Do you honestly imagine that there is any chance you'll regret trusting the Word too much? That you'll regret believing in God too heartily? That you'll regret giving too much of yourself to Him, in His service? That you'll regret having mortified the flesh too much, having walked in the Spirit too much? That you'll regret having been too godly of a husband, wife, parent, child, churchman, citizen? That you'll wish you'd indulged your fleshly passions more, loved the world more, pursued your private agenda more, absorbed yourself in the world's passing distractions more? That you'll wish you'd gotten more things, better things, and given less of your time and energies to the Word and the Lord?

I have wondered this often as I've seen believers going on and on in patterns of sin, laziness, stubborn disbelief and disobedience. Do they ever think thus? Do they ever think of the passing transience of this life (James 4:14)? Do they ever think of eternity, of the perspective of God, to say nothing of His judgment?

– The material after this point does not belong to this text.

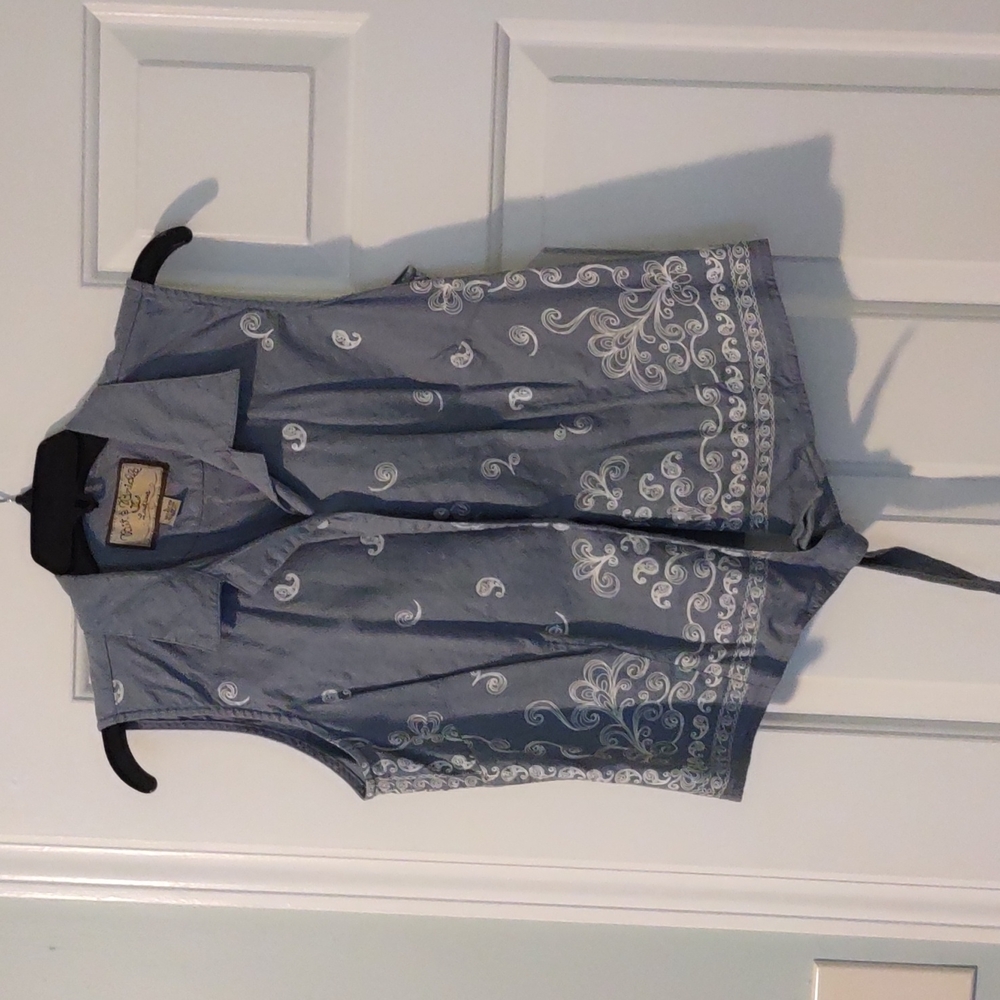 Bit & Bridle tie front western sleeveless top size L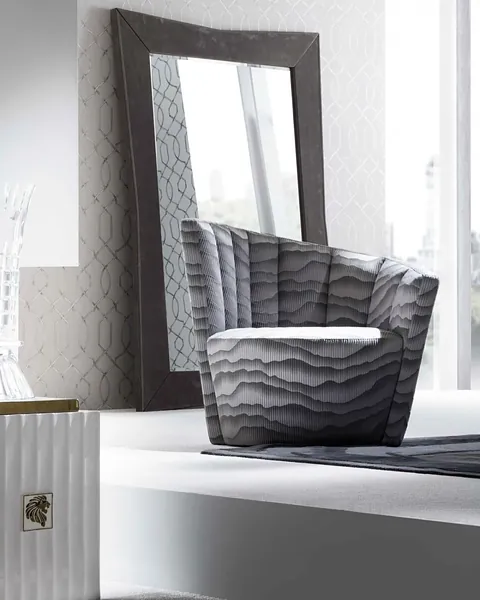 Giorgio Collection Vision Display Cabinet, image 4 of 6, Italian furniture for a luxury living room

You've been in a pattern of fleshly indulgence in your marriage. You know what God calls you to, but you just won't do it. When were you going to start? Do you imagine that this is some sort of dress rehearsal, and real life, life that counts, will start... when? When were you going to start putting on the Lord Jesus, and making no provision for the flesh? When were you going to start putting to death the practices of the body? When?

You're a young adult about to leave home, but you've never learned to honor — honor! — your father and mother. Were you going to be born into some other household, and practice your Christian faith there? When?

And what to parents? My dear wife discovered a poem once called Babies Don't Keep. Forget that it brings tears to her eyes, she's a great mother — it brings tears to my eyes! I can't say it better.

You're in a church where you're hearing the Word, but you're doing nothing with it. You're not involved, not serving, not growing, not giving; indulging in self-absorbed fascinations. When were you going to start doing all those "one anothers"? In the Millennium? After?

You've heard the couplet; you're about to hear it again.


Only one life, 'twill soon be past
Only what's done for Christ will last.

This is a thought that haunts me, as I try to project myself forward, looking back at what is my present. The time God has given you and me to walk by faith and not by sight is now. In fact, that is the only time.

What should we be doing, that we aren't?

1 Comments:

Anonymous Anonymous said...

wow, that is amazingly convicting! There have only been a handful of times that I've reacted with "What matters here, in light of eternity?" it isn't a thought process that fills my mind, to say the very least.

wow! thanks for posting that. I'm going to copy and paste to a friend, with whom I've been praying and "battling" many things.